Every time, it will get no records in the response, and nextRecord=1. *
Yes, it should get an empty SearchResults, with attributes set to reflect
how many 'hits' the query matches. What nextRecord should be is what I'm
contending, of course; I believe nextRecord=1 is incorrect in this context.
In general, it works like this:*
the client sends a request with a query*
the server computes the query result (a list of 1... n records)*
Could be zero records, if the catalogue is empty for one case.
the server sends a response with some of the records (possibly 0),
specifying the index of the next in the list (i.e. the first record which
is not returned) in the nextRecord paramete*r
To get 0 records from a resultType="results", you either set "maxRecords" =
0, which is specifically stated to operate as a resultType="hits", or there
are no records.
However, I don't see "nextRecord" = "the first record which is not
returned" in the spec. I do see the description for numberOfRecordsReturned
stating:
"Number of records actually returned to client. This may not be the entire
result set [...]. Subsequent queries may be executed to see more of the
result set. The nextRecord attribute will indicate
to the client where to begin the next query."
The suggestion is that, in a response, if nextRecord > 0, there are more
records in the result set, from the request made, which are still to be
returned and that another request is required. In the case of a
resultType='hits' this is not the case; the client should be given a clue
that it's finished it's job and it can relax.
This protocol was designed by the authors of the CSW 2.0.2
specification, based on the requirements collected. Afaik, it was retained
as is also in CSW 3.0.*
Are you an author? If not, would it be worth contacting the authors? I
would argue that this should be discussed for any future iteration of the
specification, to make it crystal clear that this is the expected return
value of nextRecord for resultType='hits' (or equivalent), because if
nextRecord=1 for a non-paging response seems incorrect, but the current
spec text doesn't convince me that it's by design.
To me, it's clear that the nextRecord attribute is for use where a response
does not completely fulfil the request given and used to page the records
in the response and prompt further requests for the remainder of a result.
Cheers, Rg.
|
I contributed to CSW 3.0, but I don't remember a specific discussion around this very point. In general, I think that comments on approved specification should be formulated as Change Requests, which are directed to the appropriate Working Group, or may trigger the formation of a new Revision Working Group. In fact, arguing about the rationale of CSW specification is out of scope, in this context. We are only concerned abut the correctness of existing compliance tests. This said, I will try to answer your questions :-) - Is there a situation where there would be a further repeated resultType="hits" query [...] to complete the client's task? - Does startPosition have an effect on resultType="hits"? What about "maxRecords"? If so, but I don't think it does in the PyCSW implementation, in the case where the catalogue size is 100, On the syntax and semantics of nextRecord: it is mandatory, it is a non-negative integer, and the specification is very clear on the meaning of the expression nextRecord=0: "a value of 0 means all records have been returned". So, in the specific case of the tc23.1 test, how should a server behave? |
I think that you're putting too much faith in the wording of the
description of nextRecord in Table 66.
So, the wording is:
"A value of 0 means all records have been returned".

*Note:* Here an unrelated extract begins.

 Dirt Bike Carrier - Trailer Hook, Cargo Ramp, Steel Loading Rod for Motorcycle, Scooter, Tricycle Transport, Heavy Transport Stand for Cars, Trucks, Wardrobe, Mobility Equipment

But take, for example, a request with resultType='results' and
startPosition > 1, where the catalogue has fewer records than maxRecords.
The response will have nextRecord = 0 but not "all records have been
returned". The words do not reflect what is happening. I would suggest
the intended meaning of the description of nextRecord is (parenthesised
text my own, obviously):
"A value of 0 means all records [in the result set relating to the request]
have been returned."
Now take the example of a request with resultType='hits', the result set is
defined to be empty - i.e. zero records; so, when all records (i.e. zero
records) have been returned, nextRecord should be set accordingly (i.e.
nextRecord=0).
Thinking about the impact of changing this test, would it be a huge problem
of backwards compatibility? I don't mind doing some of the work on this,
if it helps. You advice is welcomed.
All the best, Roger
…On Tue, 13 Mar 2018, 19:09 Lorenzo Bigagli, ***@***.***> wrote:
I contributed to CSW 3.0, but I don't remember a specific discussion
around this very point. In general, I think that comments on approved
specification should be formulated as Change Requests, which are directed
to the appropriate Working Group, or may trigger the formation of a new
Revision Working Group.
In fact, arguing about the rationale of CSW specification is out of scope,
in this context. We are only concerned abut the correctness of existing
compliance tests. This said, I will try to answer your questions :-)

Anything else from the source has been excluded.